◆ REQUIRED WORK
What do the lines from the one containing "Bluetooth 5.3 FM" through the end of the listing below say? Restate them word for word and give nothing else.

◆ INFORMATION PROVIDED
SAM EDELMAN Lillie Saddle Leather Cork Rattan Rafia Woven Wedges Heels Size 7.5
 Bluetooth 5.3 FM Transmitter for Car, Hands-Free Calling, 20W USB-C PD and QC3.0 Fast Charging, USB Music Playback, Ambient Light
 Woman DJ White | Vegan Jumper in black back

◆ RESPONSE TO THE TASK
 Bluetooth 5.3 FM Transmitter for Car, Hands-Free Calling, 20W USB-C PD and QC3.0 Fast Charging, USB Music Playback, Ambient Light
 Woman DJ White | Vegan Jumper in black back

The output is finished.